Enhancement of Aggregation-Induced Emission in Dye-Encapsulating Polymeric Micelles for Bioimaging



Three amphiphilic block copolymers are employed to form polymeric micelles and function as nanocarriers to disperse hydrophobic aggregation-induced emission (AIE) dyes, 1,1,2,3,4,5-hexaphenylsilole (HPS) and/or bis(4-(N-(1-naphthyl) phenylamino)-phenyl)fumaronitrile (NPAFN), into aqueous solution for biological studies. Compared to their virtually non-emissive properties in organic solutions, the fluorescence intensity of these AIE dyes has increased significantly due to the spatial confinement that restricts intramolecular rotation of these dyes and their better compatibility in the hydrophobic core of polymeric micelles.

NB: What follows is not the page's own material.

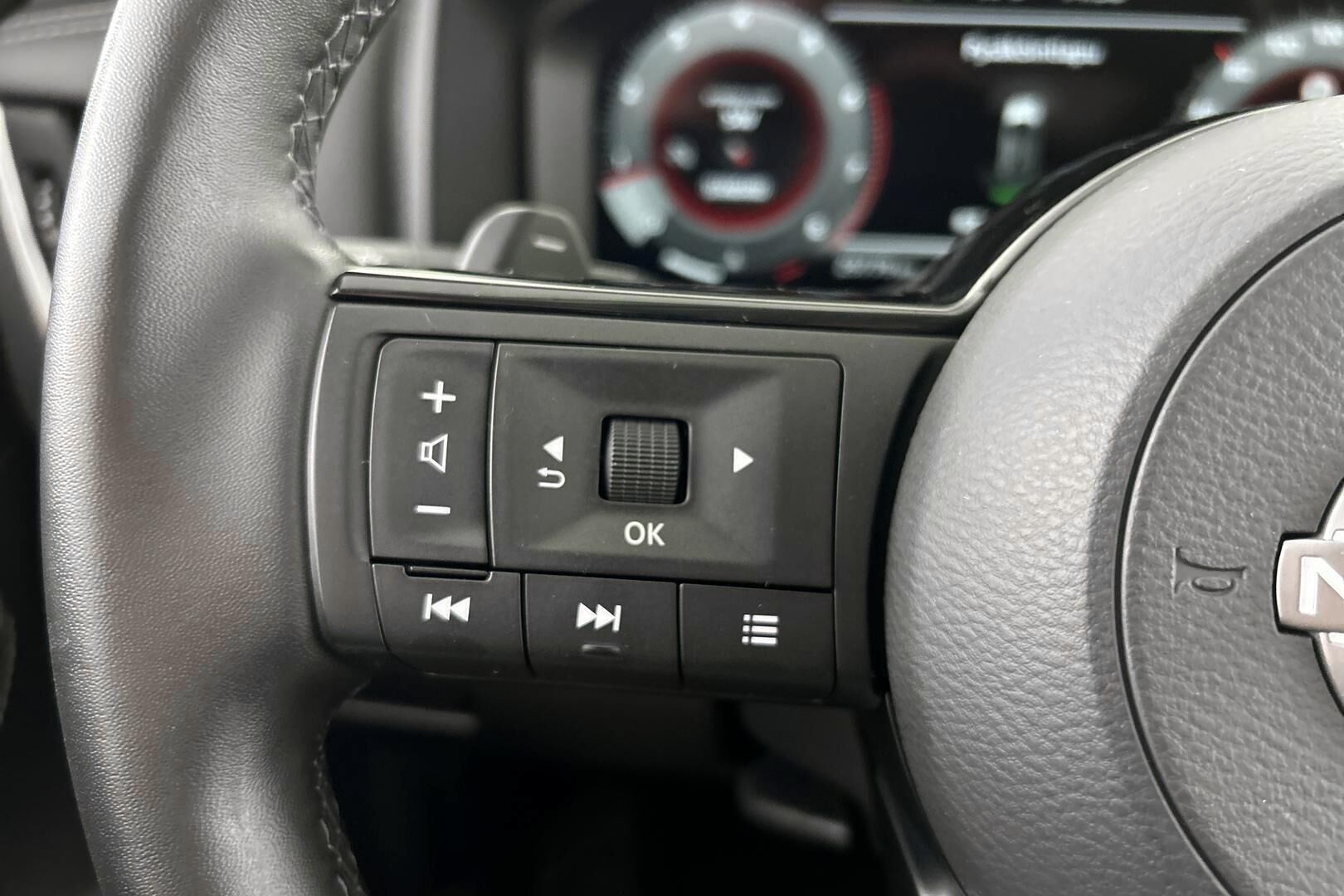 Nissan Qashqai iso kuva 21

The effect of the chemical structure of micelle cores on the photophysical properties of AIE dyes are investigated, and the fluorescence resonance energy transfer (FRET) from the green-emitting donor (HPS) to the red-emitting acceptor (NPAFN) is explored by co-encapsulating this FRET pair in the same micelle core. The highest fluorescence quantum yield (∼62%) could be achieved by encapsulating HPS aggregates in the micelles. Efficient energy transfer (>99%) and high amplification of emission (as high as 8 times) from the NPAFN acceptor could also be achieved by spatially confining the HPS/NPAFN FRET pair in the hydrophobic core of polymeric micelles. These micelles could be successfully internalized into the RAW 264.7 cells to demonstrate high-quality fluorescent images and cell viability due to improved quantum yield and reduced cytotoxicity.